Building that base requires more thought so you end up with more deliberative
people in the Senate. That's why that happens. But that's not just, again, that's
not something that's just observable from outside. The Senate is, and has
been for a hundred years at least, the more deliberative body. It has been the
the place where all of the just not all of the but most of the just really
ridiculous legislation
goes to die. The other thing is that
the Senate has a thing called the filibuster which
basically in the House for most things
you need a simple majority.
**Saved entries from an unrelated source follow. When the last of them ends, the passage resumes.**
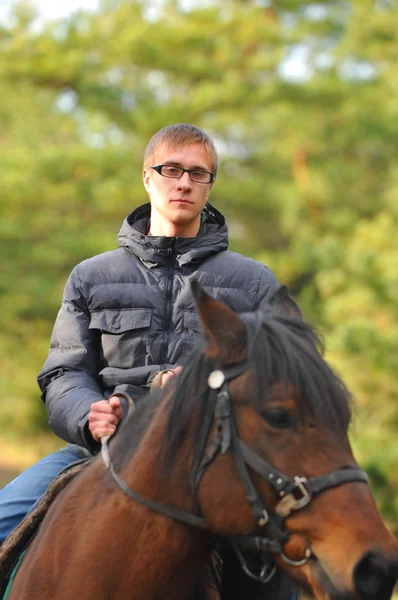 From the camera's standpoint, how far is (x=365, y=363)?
48.8 feet

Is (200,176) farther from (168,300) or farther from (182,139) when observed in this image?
(168,300)

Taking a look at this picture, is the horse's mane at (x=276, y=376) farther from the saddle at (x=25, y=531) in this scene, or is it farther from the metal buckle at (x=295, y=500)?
the saddle at (x=25, y=531)

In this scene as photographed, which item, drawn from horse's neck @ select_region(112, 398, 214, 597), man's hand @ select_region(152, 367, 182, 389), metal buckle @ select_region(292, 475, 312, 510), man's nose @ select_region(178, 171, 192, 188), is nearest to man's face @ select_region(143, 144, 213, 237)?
man's nose @ select_region(178, 171, 192, 188)

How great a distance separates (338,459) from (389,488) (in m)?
12.0

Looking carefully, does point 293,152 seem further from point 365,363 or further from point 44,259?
point 365,363

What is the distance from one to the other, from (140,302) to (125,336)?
0.49ft

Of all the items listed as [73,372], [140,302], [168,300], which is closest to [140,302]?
[140,302]

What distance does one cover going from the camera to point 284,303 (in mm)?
3008

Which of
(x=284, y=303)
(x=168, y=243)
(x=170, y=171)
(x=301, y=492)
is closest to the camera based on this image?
(x=301, y=492)

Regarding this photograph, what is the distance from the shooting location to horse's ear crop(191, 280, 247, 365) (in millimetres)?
2723

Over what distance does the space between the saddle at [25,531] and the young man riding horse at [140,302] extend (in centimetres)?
16

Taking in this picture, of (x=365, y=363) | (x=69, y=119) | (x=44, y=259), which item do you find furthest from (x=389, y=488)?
(x=69, y=119)

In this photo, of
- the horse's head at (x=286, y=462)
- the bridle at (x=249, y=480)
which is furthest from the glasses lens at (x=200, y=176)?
the bridle at (x=249, y=480)

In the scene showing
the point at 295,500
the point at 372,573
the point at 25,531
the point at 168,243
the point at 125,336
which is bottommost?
the point at 25,531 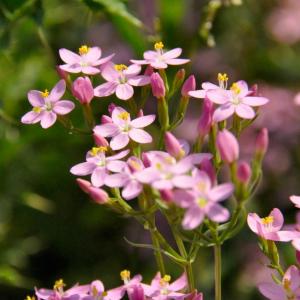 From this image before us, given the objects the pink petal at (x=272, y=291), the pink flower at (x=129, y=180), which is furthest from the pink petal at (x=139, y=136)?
the pink petal at (x=272, y=291)

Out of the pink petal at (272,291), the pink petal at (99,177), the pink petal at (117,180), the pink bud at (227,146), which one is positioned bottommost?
the pink petal at (272,291)

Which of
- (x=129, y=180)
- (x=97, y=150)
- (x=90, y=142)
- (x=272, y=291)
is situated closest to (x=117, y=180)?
(x=129, y=180)

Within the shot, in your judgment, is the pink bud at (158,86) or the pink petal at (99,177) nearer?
the pink petal at (99,177)

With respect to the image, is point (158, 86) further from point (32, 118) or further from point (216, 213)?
point (216, 213)

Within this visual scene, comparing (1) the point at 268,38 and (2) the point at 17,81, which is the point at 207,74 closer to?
(1) the point at 268,38

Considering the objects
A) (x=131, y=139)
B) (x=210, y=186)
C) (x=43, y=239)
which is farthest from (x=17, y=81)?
(x=210, y=186)

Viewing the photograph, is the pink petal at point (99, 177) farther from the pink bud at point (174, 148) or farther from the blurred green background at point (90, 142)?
the blurred green background at point (90, 142) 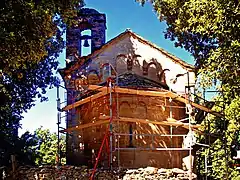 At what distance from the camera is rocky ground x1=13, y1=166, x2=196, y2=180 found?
1224 centimetres

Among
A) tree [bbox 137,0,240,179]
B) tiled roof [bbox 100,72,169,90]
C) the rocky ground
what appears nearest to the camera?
tree [bbox 137,0,240,179]

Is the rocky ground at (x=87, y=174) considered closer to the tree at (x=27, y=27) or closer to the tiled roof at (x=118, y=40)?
the tree at (x=27, y=27)

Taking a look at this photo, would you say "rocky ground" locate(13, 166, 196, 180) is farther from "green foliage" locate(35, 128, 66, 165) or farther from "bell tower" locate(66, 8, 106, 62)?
"green foliage" locate(35, 128, 66, 165)

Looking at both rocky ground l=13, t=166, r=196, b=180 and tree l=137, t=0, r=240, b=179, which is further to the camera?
rocky ground l=13, t=166, r=196, b=180

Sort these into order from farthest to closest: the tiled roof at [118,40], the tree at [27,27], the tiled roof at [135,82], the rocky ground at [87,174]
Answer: the tiled roof at [118,40], the tiled roof at [135,82], the rocky ground at [87,174], the tree at [27,27]

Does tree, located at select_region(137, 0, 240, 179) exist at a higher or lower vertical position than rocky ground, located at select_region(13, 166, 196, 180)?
higher

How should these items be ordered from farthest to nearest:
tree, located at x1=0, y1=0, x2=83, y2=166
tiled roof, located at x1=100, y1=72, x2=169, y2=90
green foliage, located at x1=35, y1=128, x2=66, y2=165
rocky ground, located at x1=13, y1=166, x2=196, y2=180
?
green foliage, located at x1=35, y1=128, x2=66, y2=165 < tiled roof, located at x1=100, y1=72, x2=169, y2=90 < rocky ground, located at x1=13, y1=166, x2=196, y2=180 < tree, located at x1=0, y1=0, x2=83, y2=166

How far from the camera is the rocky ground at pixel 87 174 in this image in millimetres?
12242

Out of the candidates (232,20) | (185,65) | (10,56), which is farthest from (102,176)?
(185,65)

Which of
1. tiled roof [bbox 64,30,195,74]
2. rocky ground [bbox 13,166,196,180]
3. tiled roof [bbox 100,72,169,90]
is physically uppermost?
tiled roof [bbox 64,30,195,74]

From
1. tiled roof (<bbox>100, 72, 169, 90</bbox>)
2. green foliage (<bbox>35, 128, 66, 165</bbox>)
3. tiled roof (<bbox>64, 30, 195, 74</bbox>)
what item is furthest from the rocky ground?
green foliage (<bbox>35, 128, 66, 165</bbox>)

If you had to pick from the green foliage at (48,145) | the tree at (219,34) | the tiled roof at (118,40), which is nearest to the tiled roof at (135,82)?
the tiled roof at (118,40)

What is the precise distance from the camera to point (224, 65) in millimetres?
11992

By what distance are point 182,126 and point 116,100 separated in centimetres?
320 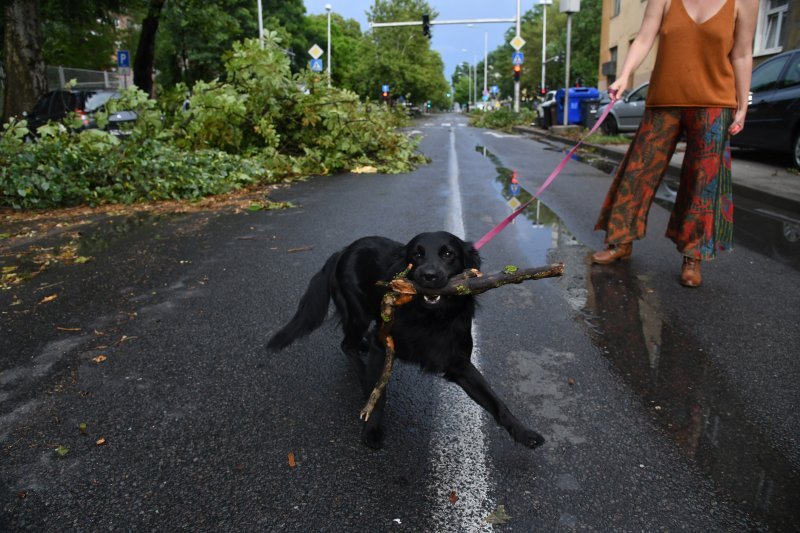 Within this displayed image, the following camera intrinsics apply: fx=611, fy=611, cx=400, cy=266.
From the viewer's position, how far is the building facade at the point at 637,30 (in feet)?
51.4

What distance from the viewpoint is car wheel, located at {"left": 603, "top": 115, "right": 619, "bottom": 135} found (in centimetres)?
1845

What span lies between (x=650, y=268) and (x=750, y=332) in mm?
1402

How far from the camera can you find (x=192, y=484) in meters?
2.18

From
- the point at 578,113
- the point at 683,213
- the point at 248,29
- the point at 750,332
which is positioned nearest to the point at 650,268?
the point at 683,213

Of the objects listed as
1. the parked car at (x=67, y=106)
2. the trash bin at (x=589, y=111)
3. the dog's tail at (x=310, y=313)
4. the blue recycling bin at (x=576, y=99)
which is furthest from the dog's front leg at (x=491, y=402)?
the blue recycling bin at (x=576, y=99)

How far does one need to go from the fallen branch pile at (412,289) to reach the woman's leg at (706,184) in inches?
99.5

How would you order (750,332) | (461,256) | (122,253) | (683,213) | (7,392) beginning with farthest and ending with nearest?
(122,253)
(683,213)
(750,332)
(7,392)
(461,256)

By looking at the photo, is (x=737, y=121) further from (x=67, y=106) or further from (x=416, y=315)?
(x=67, y=106)

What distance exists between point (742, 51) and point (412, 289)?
3399 millimetres

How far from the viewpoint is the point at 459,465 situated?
7.47 feet

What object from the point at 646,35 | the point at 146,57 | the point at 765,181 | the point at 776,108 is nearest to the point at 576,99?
the point at 776,108

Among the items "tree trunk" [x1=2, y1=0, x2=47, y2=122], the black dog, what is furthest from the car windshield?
the black dog

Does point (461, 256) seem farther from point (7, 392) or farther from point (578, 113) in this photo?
point (578, 113)

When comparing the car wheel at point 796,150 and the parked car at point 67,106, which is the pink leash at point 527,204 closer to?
the car wheel at point 796,150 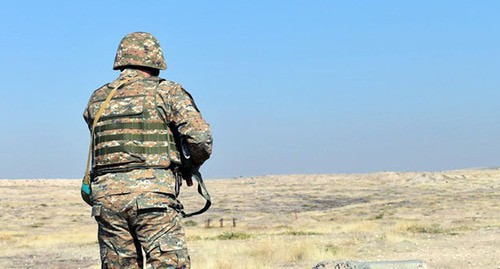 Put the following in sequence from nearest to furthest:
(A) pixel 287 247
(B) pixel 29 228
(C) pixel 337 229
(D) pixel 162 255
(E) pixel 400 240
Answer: (D) pixel 162 255, (A) pixel 287 247, (E) pixel 400 240, (C) pixel 337 229, (B) pixel 29 228

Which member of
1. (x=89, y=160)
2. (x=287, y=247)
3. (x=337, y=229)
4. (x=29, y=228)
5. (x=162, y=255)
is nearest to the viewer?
(x=162, y=255)

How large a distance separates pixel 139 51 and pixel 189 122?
67 centimetres

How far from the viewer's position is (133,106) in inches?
202

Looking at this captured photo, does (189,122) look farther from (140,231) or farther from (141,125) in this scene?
(140,231)

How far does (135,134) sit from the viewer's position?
509 cm

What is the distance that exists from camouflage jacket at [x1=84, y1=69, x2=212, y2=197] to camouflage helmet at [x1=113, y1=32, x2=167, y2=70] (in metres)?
0.20

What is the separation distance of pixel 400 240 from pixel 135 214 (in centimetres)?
1200

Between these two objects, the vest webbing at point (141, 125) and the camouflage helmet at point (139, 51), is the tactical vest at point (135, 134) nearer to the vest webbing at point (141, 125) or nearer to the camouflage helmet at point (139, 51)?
the vest webbing at point (141, 125)

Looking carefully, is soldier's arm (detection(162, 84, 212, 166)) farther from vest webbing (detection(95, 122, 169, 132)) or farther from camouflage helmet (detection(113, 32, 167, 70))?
camouflage helmet (detection(113, 32, 167, 70))

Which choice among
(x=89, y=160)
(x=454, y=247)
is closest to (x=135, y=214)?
(x=89, y=160)

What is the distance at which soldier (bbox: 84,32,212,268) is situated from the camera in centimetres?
501

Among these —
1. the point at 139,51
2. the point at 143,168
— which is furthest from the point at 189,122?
the point at 139,51

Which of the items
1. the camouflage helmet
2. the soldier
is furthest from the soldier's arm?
the camouflage helmet

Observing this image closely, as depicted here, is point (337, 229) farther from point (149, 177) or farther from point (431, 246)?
point (149, 177) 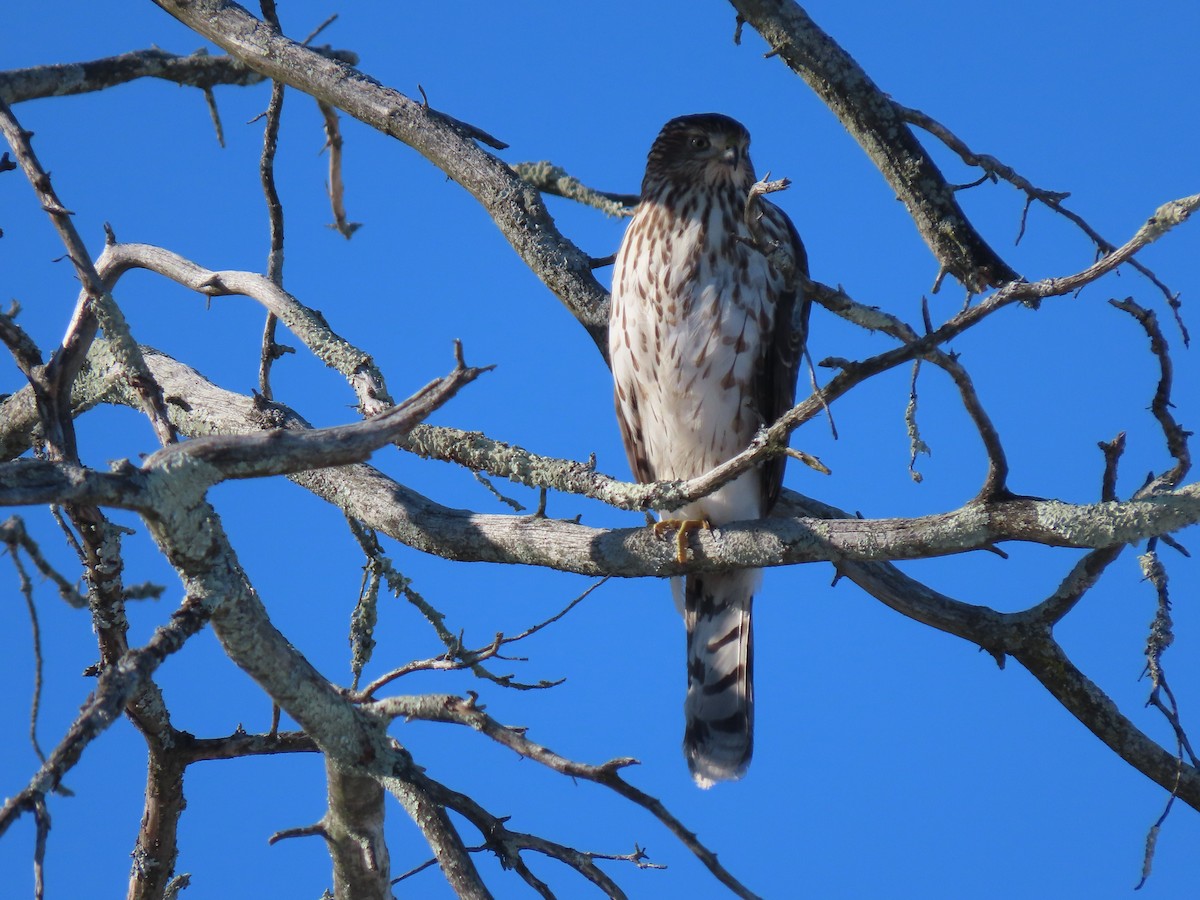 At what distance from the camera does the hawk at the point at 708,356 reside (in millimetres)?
3740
In the Senate
for most things you need a little bit more than that.
That also helps
keep the more deliberative nature because what goes through the Senate
it almost always has to be at least somewhat
bipartisan
so you don't get
you don't get the extremes there
that's not exactly how
you know the House of Representatives and the Senate were designed
The idea of the House of Representatives being done by districts was really so the representative
could represent the people of that district and carry their concerns to DC.
Somewhere along the line that changed and it turned into the representative telling
the people in the district what the party platform is and telling them what's important
to them.
That was one of the places where the United States and the current government definitely
went awry.
You have people in districts that are incredibly rural with absolutely like a very limited
amount of exposure to anything LGBTQ.
There's just not a lot there.
It's very hidden still.
I guess I shouldn't say it's not there.
It's just hidden.
But that becomes one of the main talking points when in reality they should probably be more
concerned with infrastructure, rural development, you know, agriculture bills, stuff like that.
But they get wrapped up in the culture war issue because the party platform told them
what to believe.
That's how people end up being ruled rather than represented.